- Assigned task -
Your copy of the data should leave out the images and match everything else exactly.

- The data -
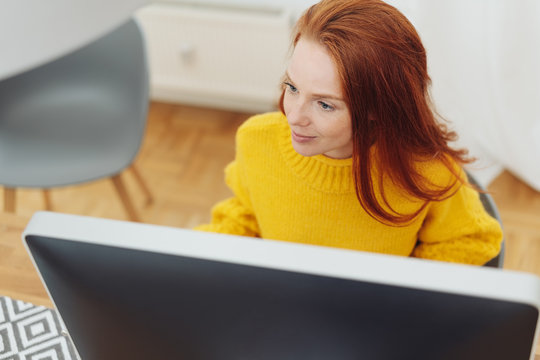 Young redhead woman working at a desktop monitor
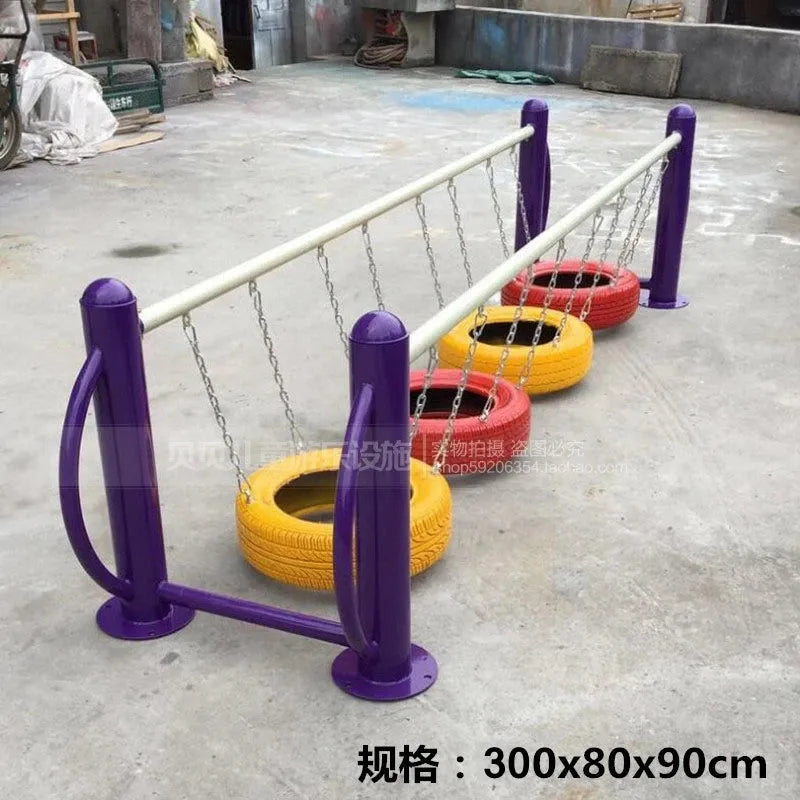 The Outdoor Steel Climbing Frame Swing for Childrens Sensory Integration features vibrant red, yellow, and orange hanging tire swings. Supported by purple posts with a white top rail, its dimensions are 300x80x90 cm.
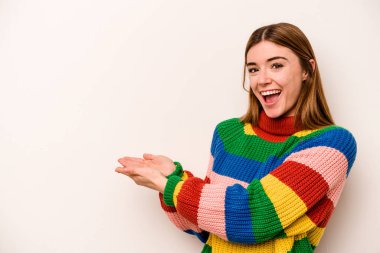 Beyaz arka planda izole edilmiş beyaz tenli genç bir kadın palmiyesinde bir kopya alanı tutuyor..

- Solution for this task -
 Young redhead woman working at a desktop monitor
 The Outdoor Steel Climbing Frame Swing for Childrens Sensory Integration features vibrant red, yellow, and orange hanging tire swings. Supported by purple posts with a white top rail, its dimensions are 300x80x90 cm.
 Beyaz arka planda izole edilmiş beyaz tenli genç bir kadın palmiyesinde bir kopya alanı tutuyor..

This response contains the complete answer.